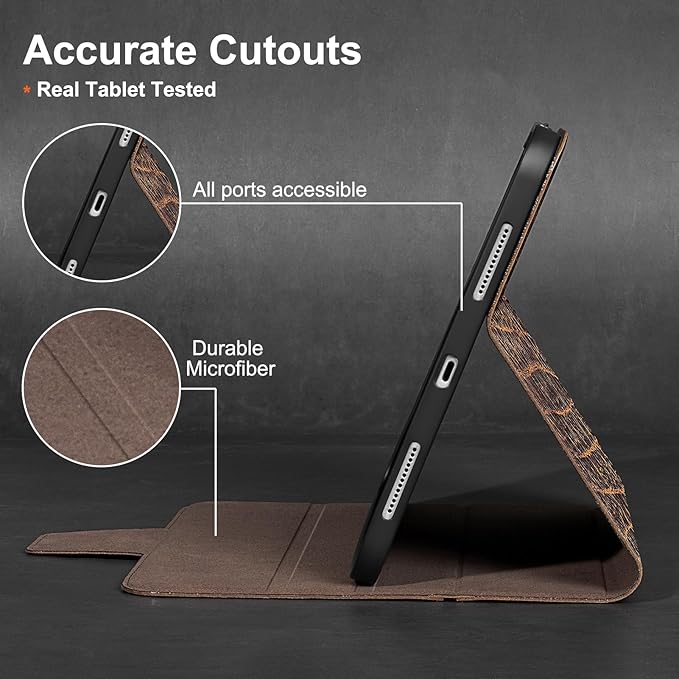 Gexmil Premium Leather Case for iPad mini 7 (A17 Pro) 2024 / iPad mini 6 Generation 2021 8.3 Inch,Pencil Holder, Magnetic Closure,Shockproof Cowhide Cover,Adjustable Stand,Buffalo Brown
┄┄┄┄┄┄
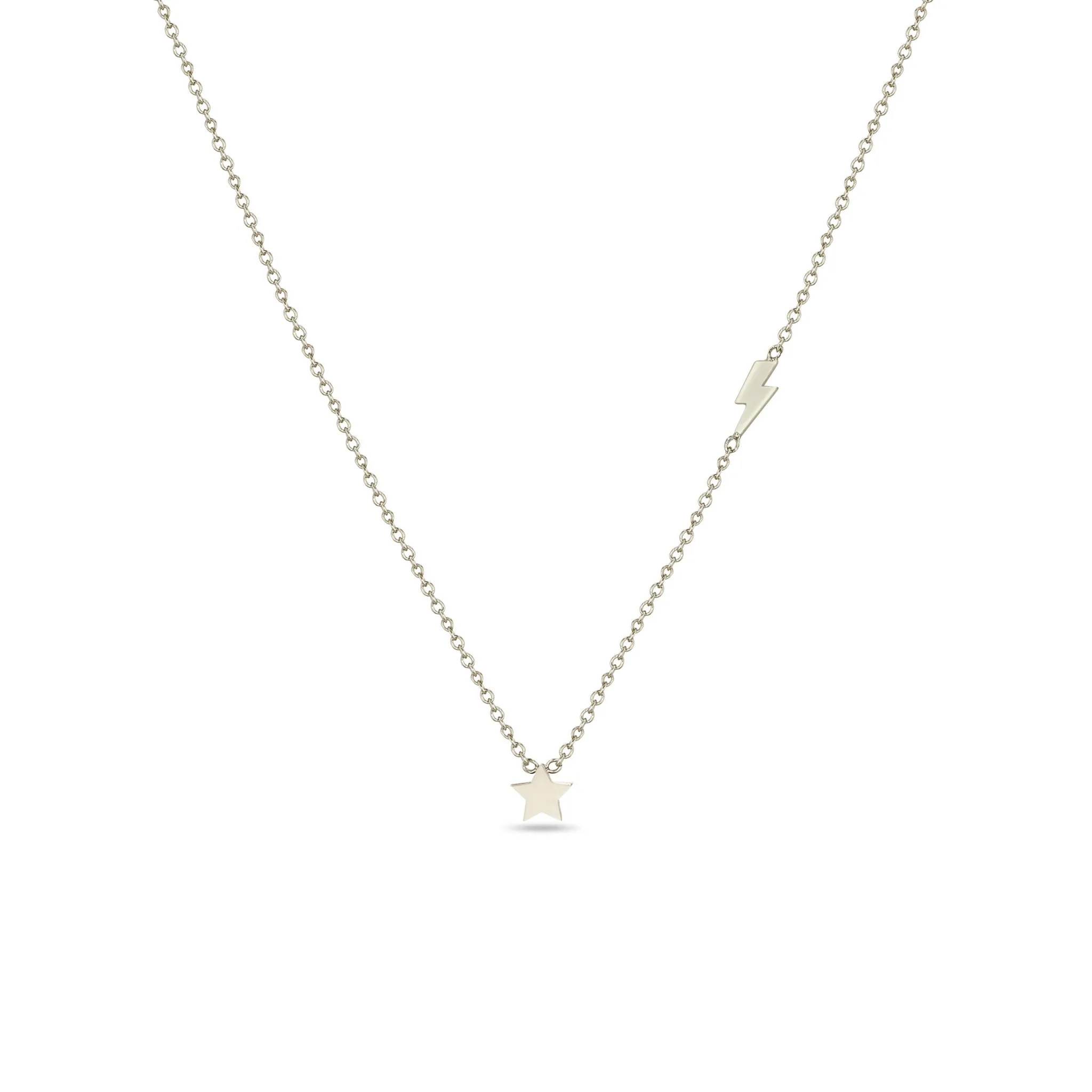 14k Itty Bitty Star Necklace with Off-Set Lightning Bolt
┄┄┄┄┄┄
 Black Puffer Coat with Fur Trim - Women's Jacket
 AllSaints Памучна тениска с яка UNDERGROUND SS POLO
┄┄┄┄┄┄
- _Try it_:
Go through the material above and output exactly the lines from the one containing "Black Puffer Coat" through the one containing "AllSaints Памучна тениска".

- _Answer to this task_:
 Black Puffer Coat with Fur Trim - Women's Jacket
 AllSaints Памучна тениска с яка UNDERGROUND SS POLO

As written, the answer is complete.